- _Extracted material_
——

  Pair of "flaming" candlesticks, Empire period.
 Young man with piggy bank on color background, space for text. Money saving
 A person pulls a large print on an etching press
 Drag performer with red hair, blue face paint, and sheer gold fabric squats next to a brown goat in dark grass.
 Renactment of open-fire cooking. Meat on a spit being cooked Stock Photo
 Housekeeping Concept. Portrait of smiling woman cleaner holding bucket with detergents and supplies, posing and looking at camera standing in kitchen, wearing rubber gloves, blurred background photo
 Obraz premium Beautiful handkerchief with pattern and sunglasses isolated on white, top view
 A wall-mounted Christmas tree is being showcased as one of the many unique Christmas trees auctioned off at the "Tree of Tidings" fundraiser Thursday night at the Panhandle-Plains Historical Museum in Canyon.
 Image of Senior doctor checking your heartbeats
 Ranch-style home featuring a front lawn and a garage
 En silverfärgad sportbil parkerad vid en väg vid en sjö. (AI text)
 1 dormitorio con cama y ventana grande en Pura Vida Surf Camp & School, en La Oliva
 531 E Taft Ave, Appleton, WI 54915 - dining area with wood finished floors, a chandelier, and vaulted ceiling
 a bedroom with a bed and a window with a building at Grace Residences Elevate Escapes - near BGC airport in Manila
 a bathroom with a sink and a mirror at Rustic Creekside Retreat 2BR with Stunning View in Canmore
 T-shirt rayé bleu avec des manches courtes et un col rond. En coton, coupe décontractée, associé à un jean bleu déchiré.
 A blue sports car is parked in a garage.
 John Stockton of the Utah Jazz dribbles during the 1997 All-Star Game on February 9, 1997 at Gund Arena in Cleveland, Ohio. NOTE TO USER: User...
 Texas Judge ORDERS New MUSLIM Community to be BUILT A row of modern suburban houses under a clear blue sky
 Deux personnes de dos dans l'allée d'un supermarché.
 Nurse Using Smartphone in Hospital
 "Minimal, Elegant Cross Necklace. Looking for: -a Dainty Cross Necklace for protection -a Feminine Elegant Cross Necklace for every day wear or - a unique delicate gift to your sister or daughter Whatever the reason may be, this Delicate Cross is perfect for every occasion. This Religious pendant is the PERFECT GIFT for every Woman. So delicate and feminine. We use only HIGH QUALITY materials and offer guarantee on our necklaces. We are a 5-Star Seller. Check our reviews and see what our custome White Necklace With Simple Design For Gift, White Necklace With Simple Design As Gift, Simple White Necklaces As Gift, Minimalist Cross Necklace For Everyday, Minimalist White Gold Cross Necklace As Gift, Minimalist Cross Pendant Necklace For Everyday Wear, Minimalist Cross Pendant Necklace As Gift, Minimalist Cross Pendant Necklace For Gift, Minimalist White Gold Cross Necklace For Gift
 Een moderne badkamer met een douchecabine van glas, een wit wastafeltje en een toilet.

——

- _Task statement_
Your task is to transcribe, with no changes, only the lines of the listing above that lie between the line holding "a bedroom with" and the line holding "a bathroom with", inclusive.

- _Response to this task_
 a bedroom with a bed and a window with a building at Grace Residences Elevate Escapes - near BGC airport in Manila
 a bathroom with a sink and a mirror at Rustic Creekside Retreat 2BR with Stunning View in Canmore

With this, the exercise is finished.